● PROBLEM TO SOLVE
Pictures stay out of the copy, and everything else in the data below is repeated exactly.

● EXCERPTED RECORDS
----------

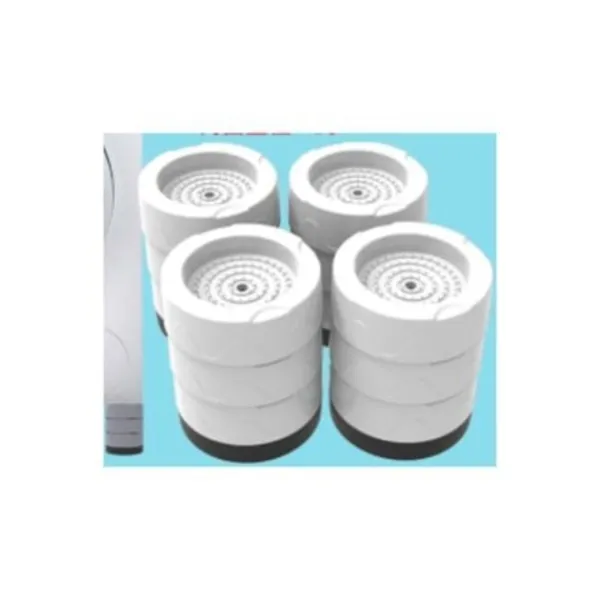 Tvättillbehör-Tvättmaskins Anti-Vibrationsdynor - 4-pack Ljudreducerande Tvättmaskinsbas - Vit Höjd 8cm
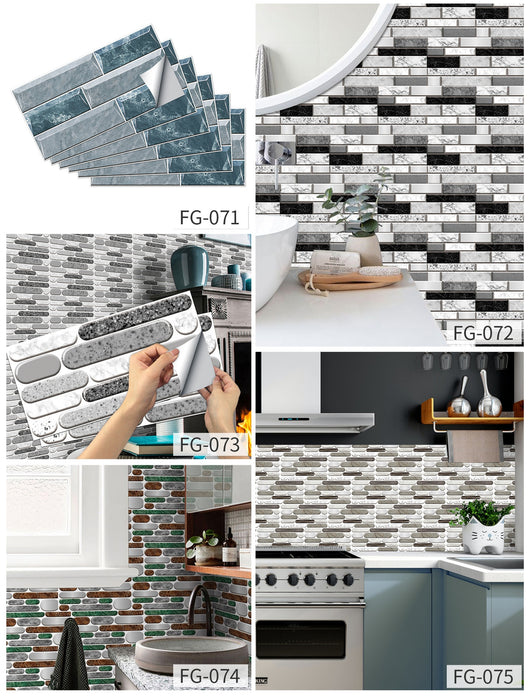 Adhesivos de Pared Retro Europeos Resistentes al Agua y Grasa para Cocina - Image 13
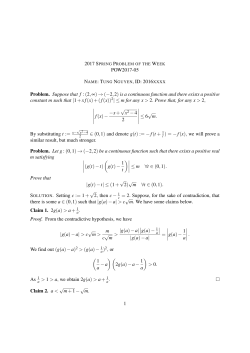 POW2017-05 NAME: TUNG NGUYEN, ID: 2016XXXX Problem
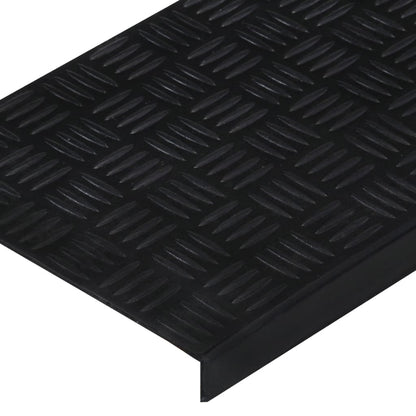 Stair Treads 10 pcs 25x75 cm Rubber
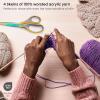 ARTEZA Acrylic Yarn for Crocheting, 4 x 200-g Skeins of Worsted Yarn for Knitting, Mossy A602, Knitting & Crochet Supplies(Sugar Plum)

----------

● RESULT
 Tvättillbehör-Tvättmaskins Anti-Vibrationsdynor - 4-pack Ljudreducerande Tvättmaskinsbas - Vit Höjd 8cm
 Adhesivos de Pared Retro Europeos Resistentes al Agua y Grasa para Cocina - Image 13
 POW2017-05 NAME: TUNG NGUYEN, ID: 2016XXXX Problem
 Stair Treads 10 pcs 25x75 cm Rubber
 ARTEZA Acrylic Yarn for Crocheting, 4 x 200-g Skeins of Worsted Yarn for Knitting, Mossy A602, Knitting & Crochet Supplies(Sugar Plum)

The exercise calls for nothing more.